Il Paese sul quale si concentrano gli sforzi umanitari maggiori, soprattutto da parte dell’Italia, è la Libia, grande assente della discussione sul partenariato Italia-Africa. Durante il meeting non sono intervenuti rappresentanti da Tripoli. All’emiciclo del Parlamento europeo, la rappresentante europea per gli Affari esteri Federica Mogherini in merito alle relazioni con la Libia indica come obiettivo per il 2017 il rimpatrio di 15mila persone dai campi di detenzione ai Paesi d’origine: “Non possiamo ignorare il trattamento inumano riservato ai migranti in Libia. Come Unione europea dobbiamo affrontare il problema dei fratelli e sorelle africani ridotti in schiavitù nei centri (libici, ndr). Sono anni che dobbiamo farlo”. Null’altro.
Critiche all’atteggiamento europeo dal ministro degli Esteri maliano Abdoulaye Diop, secondo cui vanno rimesse in discussione le grandi elargizioni fatte alla Libia: quello che sta succedendo ai migranti “è un crimine contro l’umanità” per cui il Mali ha chiesto alla Corte penale internazionale di intervenire.
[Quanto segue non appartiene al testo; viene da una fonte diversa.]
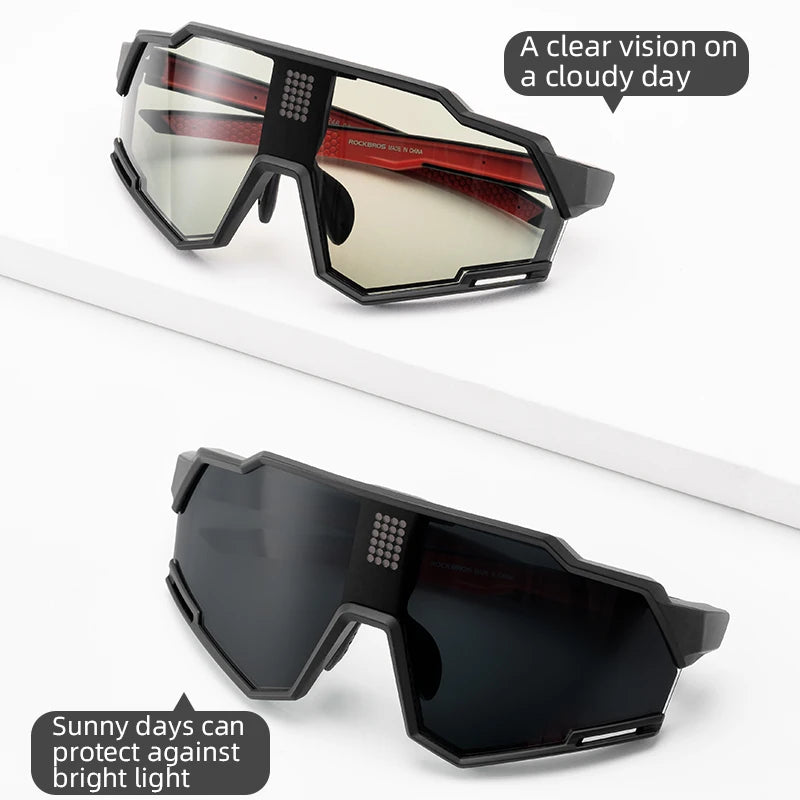 ROCKBROS Polarized Photochromic Cycling Glasses With UV400 Protection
L’Unhcr ha già condannato le politiche di detenzione e respingimento nei centri volute dall’Europa, quindi, prosegue il ministro maliano, “è importante che si possa rivedere quell’accordo, perché non si può trattare con uno Stato che viola apertamente i diritti dell’uomo”. “La priorità – ha aggiunto – è stabilizzare la Libia, fare in modo che sia un partner credibile”. Il messaggio è chiaro: basta soldi a Tripoli.